The Duchess of York is alleged to have taken a cash bribe from an undercover national newspaper reporter in exchange for ‘opening doors.’ What’s all that about then? My grandad always said to me “Open as many doors as you can, son” It was quite ironic how he died. He was sucked out of an aeroplane! We used to call me granddad ‘Spiderman.’ Not coz he was very agile, he just couldn’t get out of the bath. He was a proper British craftsman. He used to stain floors. He didn’t mean to.....
It has to be said that the Duke of York was totally unaware of the under handed dealings that allegedly were perpetrated by dastardly Duchess. Prince Andrew reminds me of Christopher Columbus. When Columbus set sail, he didn’t know where he was going. When he arrived at his destination, he didn’t know where he was. When he returned, to these shores, he didn’t know where he’d been! Fascinating innit?
I received a very sad letter yesterday. It was written on an onion. I regret to have to inform both of my readers that my dear friend Tommy Figgis, who found fame as the ‘Human Cannonball’ at Blackpool Circus, has sadly passed away. They just don’t make men of that calibre any more.
I first met Tommy when starting out in show business. He eventually married the ‘Bearded Lady’ and soon after she became pregnant. I always remember saying to Tommy “Do you want a boy or a girl?” He curtly replied “I don’t give a damn as long as it fits in the cannon.”
It seems that the older you get, the more funerals one has to attend. I heard last week that Eric Grabknuckle the famous budgerigar impersonator had also died. It’s all so sad. Apparently, his funeral was attended by a few close friends, after which he was flushed down the toilet.
Eric Grabknuckle was indeed a character. The first woman he ever made love to was a suffragette. He only managed that because she was chained to the railings.
Ten Reasons Why Some Men Prefer To Have Dogs, Not Wives:
1. The later you are, the more excited your dogs are to see you.
2. Dogs don't notice if you call them by another dog's name.
3. Dogs like it if you leave a lot of things on the floor.
4. A dog's parents never visit.
5. Dogs agree that you have to raise your voice to get your point across.

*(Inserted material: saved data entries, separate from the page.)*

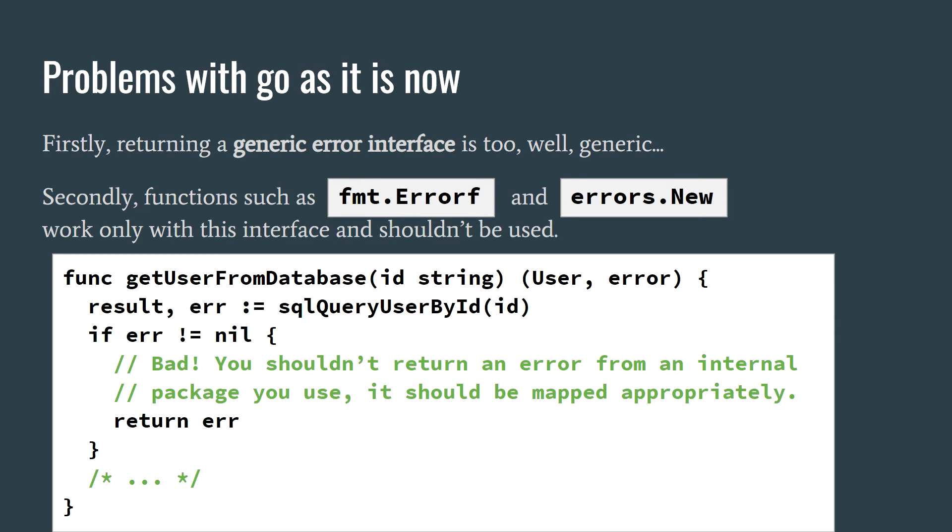You can see throughout many Go code bases that people just check for errors, and if there's an error, they just return that same error. And this is almost equivalent to the problems we see in other languages, with implementation specific errors being automatically propagated. In the case of Go, it's just manually being propagated.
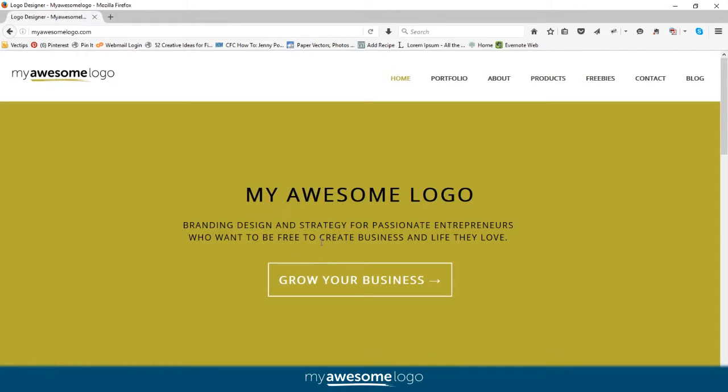Hello everyone, this is Amani with myawesomelogo.com. Today I'm going to show you how to log in to your WordPress site. There are two methods of logging into WordPress: one if you have a self-hosted site with a unique domain,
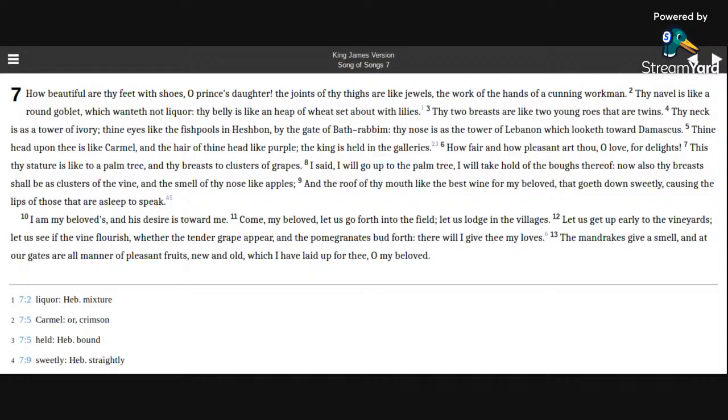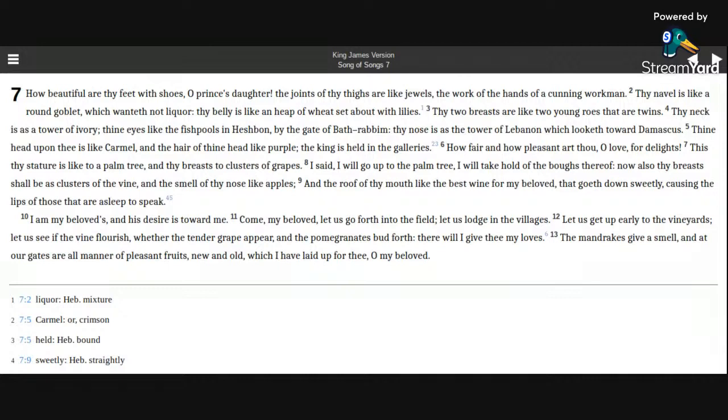Come, my beloved, let us go forth into the field. Let us lodge in the villages. Let us get up early to the vineyards. Let us see if the vine flourish, whether the tender grape appear, and the pomegranates bud forth.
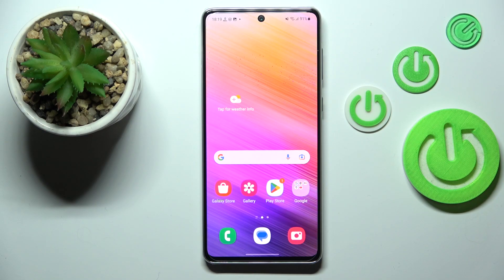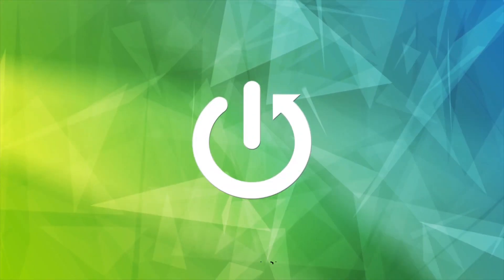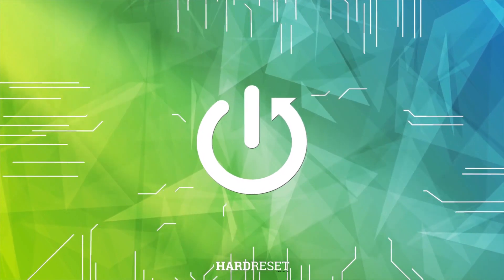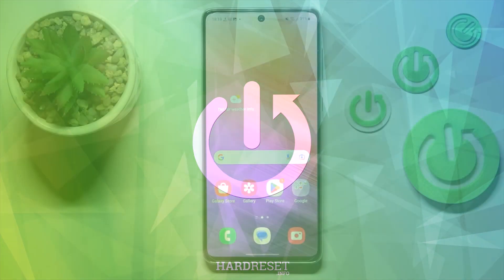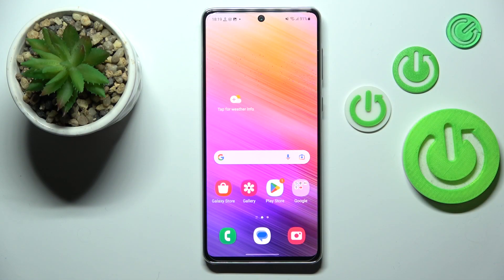Hi everyone, in front of me I've got the Samsung Galaxy A73. Let me share with you how to turn off running apps on this device. First of all, we have to enter the Recents, and depending on what kind of navigation type you've got set, you can do it differently.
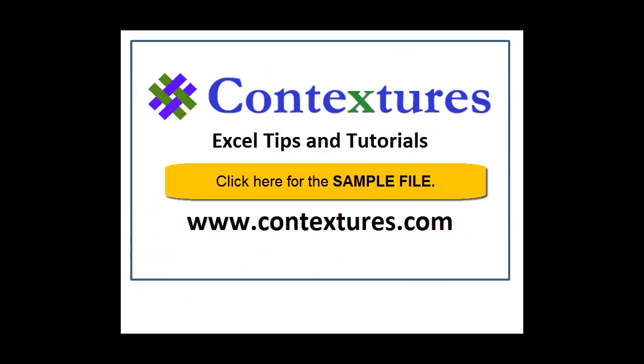For more Excel tips and tutorials, and to download the sample file for this video, please visit my Contextures website at www.contextures.com.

6. You never have to wait for a dog; they're ready to go 24 hours a day.
7. Dogs find you amusing when you're drunk.
8. Dogs like to go hunting and fishing.
9. A dog will not wake you up at night to ask, If I died, would you get another dog??
10. If a dog has babies, you can put an ad in the paper and give them away.
Ultimate True Test: Lock your wife and your dog in the boot of your car for an hour. Then open the boot and see who's the happiest to see you.
Visit my website: www.ComedianUK.com and continue the quest!
Incredible Dialect...
I don't get even, I get odder. The missus was griping about my new keep fit regime. She was whining that I went out four nights running last week! This just proves that marriage is the triumph of imagination over intelligence.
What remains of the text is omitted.